The Internet advocate who blasted Microsoft in 2006 over the daily “phone home” habits of its anti-piracy software took the company to task again today for a new practice that will examine consumers' Windows 7 PCs every 90 days to make sure they're running legitimate copies of the OS.

Lauren Weinstein, the co-founder of People For Internet Responsibility (PFIR), urged Windows 7 users not to accept the option update to Windows Activation Technologies (WAT) when Microsoft begins seeding it to the Windows Update service later this month.

“The approach that Microsoft is now taking doesn't seem to make sense, even for honest consumers,” Weinstein argued in a post to his blog. “Microsoft will trigger forced downgrading to non-genuine status if they believe a Windows 7 system is potentially pirated based on their 'phone home' checks that will occur at (for now) 90 day intervals during the entire life of Windows 7 on a given PC, even months or years after purchase.

On Thursday, Microsoft announced the WAT update would identify pirated copies of Windows 7 that had been illegally activated using any of more than 70 “cracks,” or activation exploits. After users install the update, the WAT software will regularly connect with Microsoft's servers — the “phone home” functionality that Weinstein called out — to download new crack “signatures,” which would then be used to reevaluate the copy of Windows 7.

The repeated validation is new to Windows, confirmed Joe Williams, the general manager of Microsoft's Genuine Windows group, who said that neither Windows XP or Vista had reevaluated already-activated Windows PCs on a regular schedule.
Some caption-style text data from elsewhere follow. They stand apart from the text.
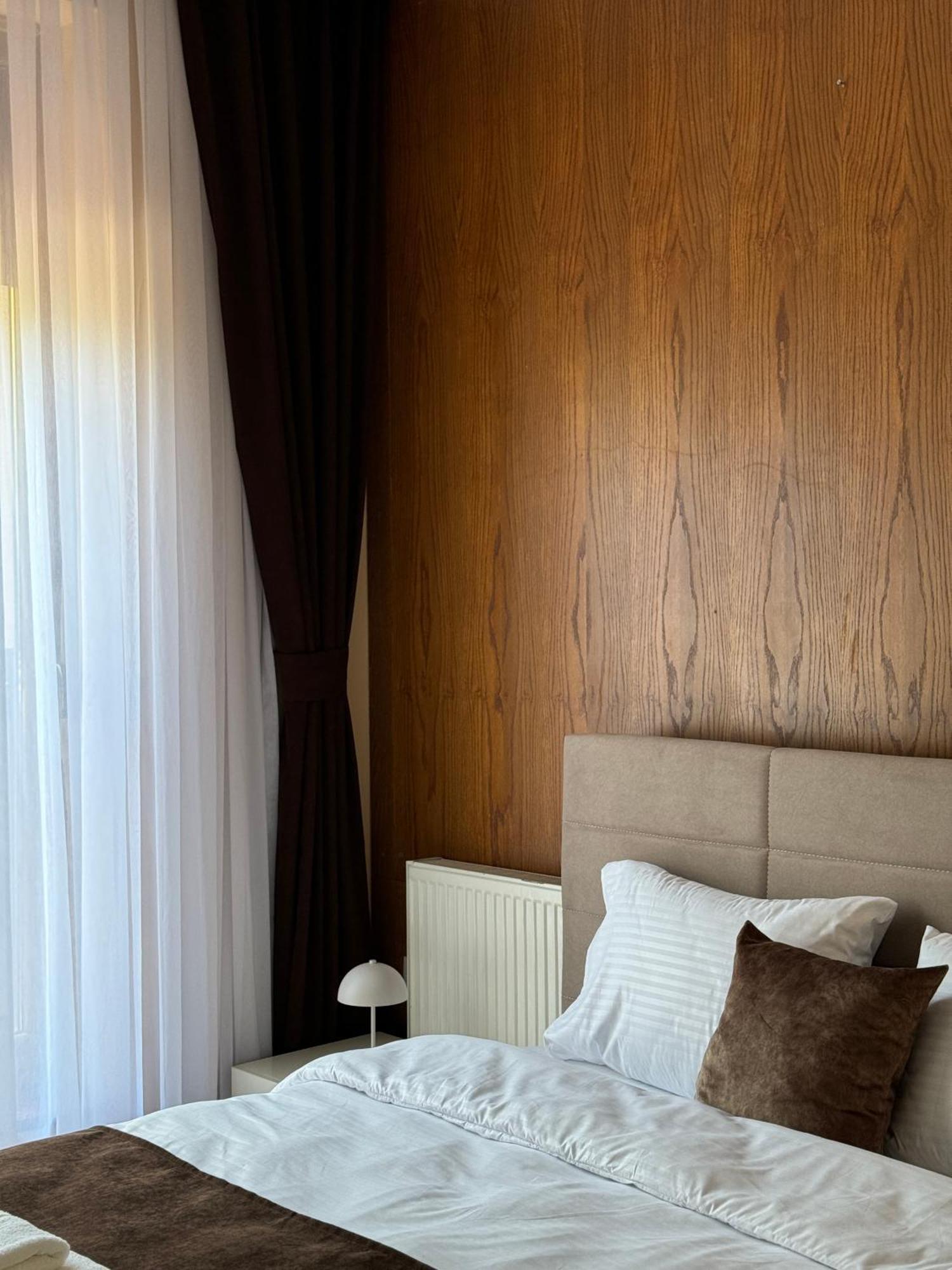 Midtown Prishtina Stays - Central Location Pristina Exterior foto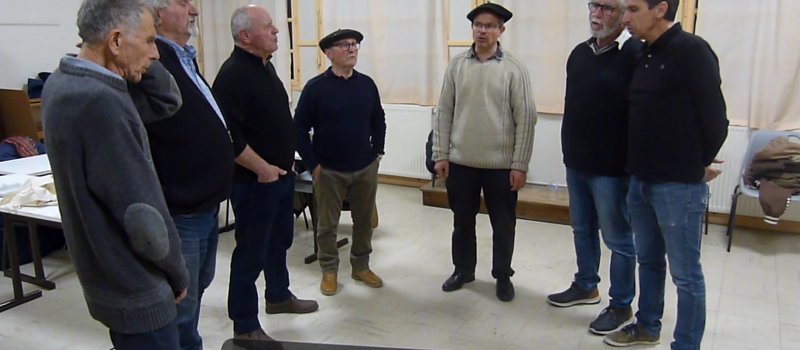 Répétition du groupe « Aquiu »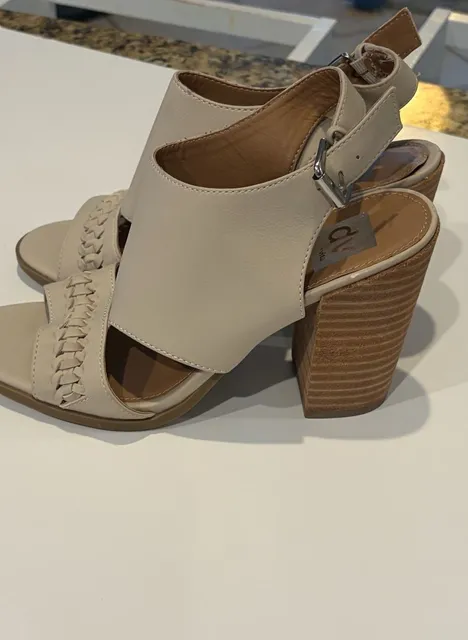 DV Dolce Vita Bingo Heels Size 8 Beige Block Heel Sandals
Machines that had had significant hardware component replacements were the exception: Swapping out a motherboard, for instance, would typically trigger another activation validation.

Williams defended the change. “We want to make sure we're protecting our customers,” he said, against newly-developed activation cracks that may have slipped by Microsoft, or simply not been in use, when the PC was originally activated. “And we're a commercial enterprise, and it is important that our [intellectual property] is protected.”

Weinstein countered that Microsoft was overstepping its bounds by demanding validations in perpetuity. “Say you've used your system for a year. Is it reasonable for Microsoft to say, 'We changed our mind and now you're not genuine'?” asked Weinstein in an interview today. “It's one thing to validate when you originally get the system, but to do that months or years later, and [for] Microsoft [to] say, 'Now we're going to say your Windows is not genuine,' …it becomes a matter of ownership. At what point is one free of this constant checking?”

Weinstein called the new Microsoft WAT update an “unacceptable intrusion” and more. “For Microsoft to assert that they have the right to treat ordinary PC-using consumers in this manner, declaring their systems to be non-genuine and downgrading them at any time, is rather staggering,” he said.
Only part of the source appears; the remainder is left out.